Exactly as they appear, transcribe the entries and skip any pictures.

[[ RECORDS FOR THE EXERCISE open ]]

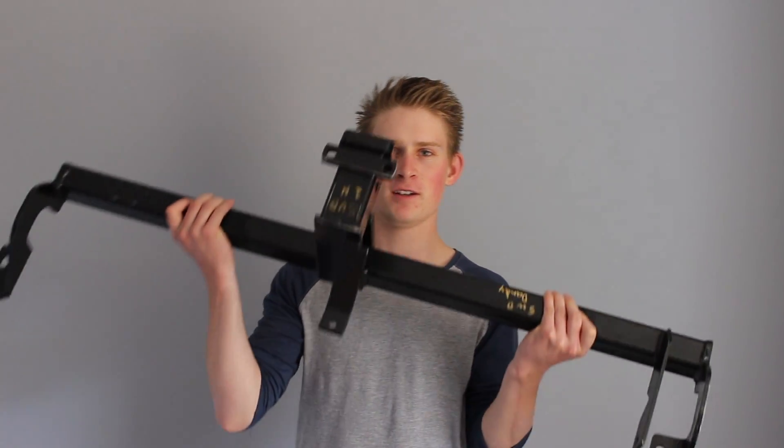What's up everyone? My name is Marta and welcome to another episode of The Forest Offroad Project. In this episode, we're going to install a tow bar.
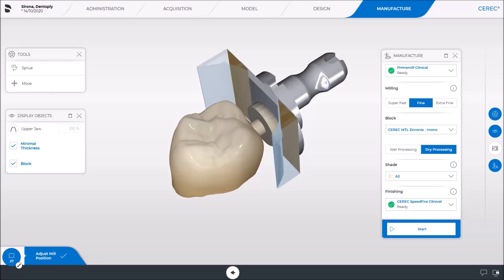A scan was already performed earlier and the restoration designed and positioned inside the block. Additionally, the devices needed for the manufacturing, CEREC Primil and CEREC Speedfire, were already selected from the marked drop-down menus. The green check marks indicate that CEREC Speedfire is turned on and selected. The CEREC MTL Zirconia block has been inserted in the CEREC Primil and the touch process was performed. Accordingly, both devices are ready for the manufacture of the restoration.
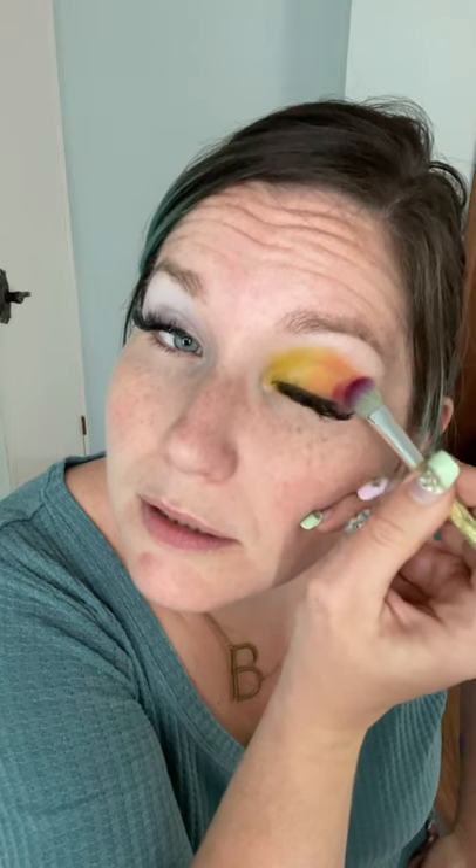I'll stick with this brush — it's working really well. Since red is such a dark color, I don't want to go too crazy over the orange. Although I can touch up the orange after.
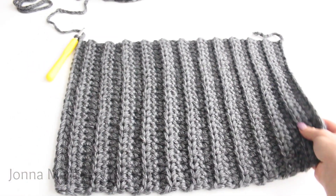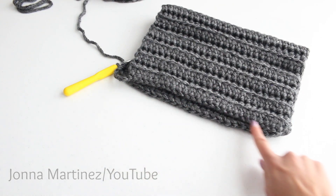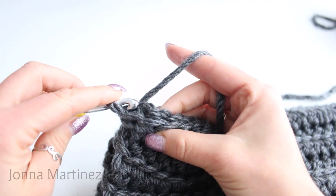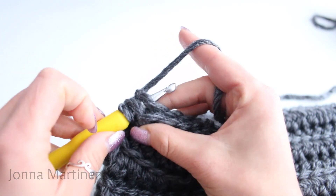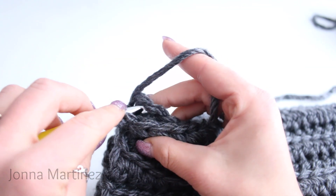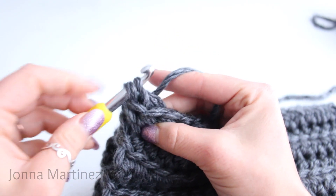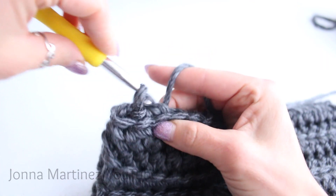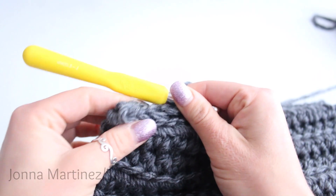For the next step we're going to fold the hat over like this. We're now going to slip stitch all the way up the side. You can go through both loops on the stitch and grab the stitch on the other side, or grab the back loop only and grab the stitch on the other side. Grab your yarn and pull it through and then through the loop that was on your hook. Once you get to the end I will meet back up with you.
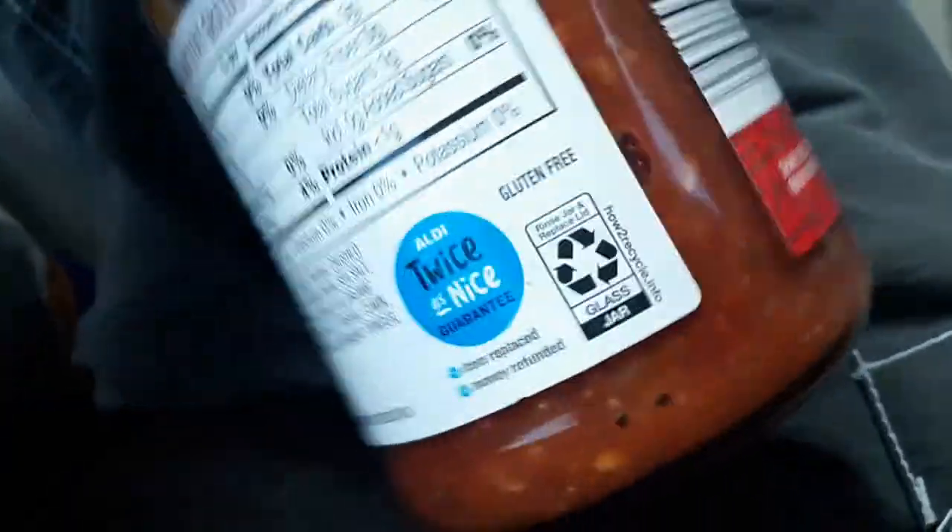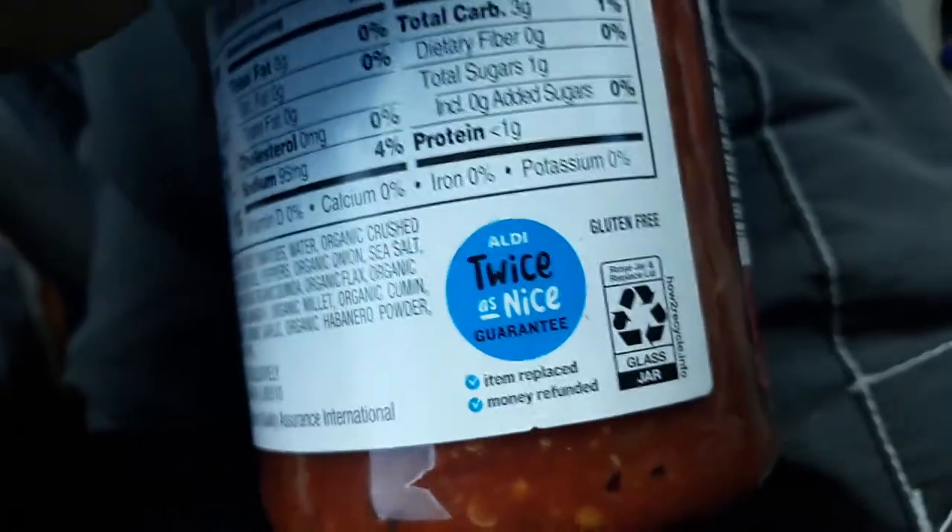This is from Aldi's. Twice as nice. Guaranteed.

[[ RECORDS FOR THE EXERCISE closed ]]

▶ [OUTPUT FOR THIS TASK]:
What's up everyone? My name is Marta and welcome to another episode of The Forest Offroad Project. In this episode, we're going to install a tow bar.
A scan was already performed earlier and the restoration designed and positioned inside the block. Additionally, the devices needed for the manufacturing, CEREC Primil and CEREC Speedfire, were already selected from the marked drop-down menus. The green check marks indicate that CEREC Speedfire is turned on and selected. The CEREC MTL Zirconia block has been inserted in the CEREC Primil and the touch process was performed. Accordingly, both devices are ready for the manufacture of the restoration.
I'll stick with this brush — it's working really well. Since red is such a dark color, I don't want to go too crazy over the orange. Although I can touch up the orange after.
For the next step we're going to fold the hat over like this. We're now going to slip stitch all the way up the side. You can go through both loops on the stitch and grab the stitch on the other side, or grab the back loop only and grab the stitch on the other side. Grab your yarn and pull it through and then through the loop that was on your hook. Once you get to the end I will meet back up with you.
This is from Aldi's. Twice as nice. Guaranteed.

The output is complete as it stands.